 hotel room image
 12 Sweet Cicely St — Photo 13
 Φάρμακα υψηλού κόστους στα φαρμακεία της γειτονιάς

:::::

→ **WHAT YOU ARE ASKED TO DO**
Your task is to transcribe the listing in full, so that each line reads exactly as before.

→ **ANSWER TO THIS EXERCISE**
 hotel room image
 12 Sweet Cicely St — Photo 13
 Φάρμακα υψηλού κόστους στα φαρμακεία της γειτονιάς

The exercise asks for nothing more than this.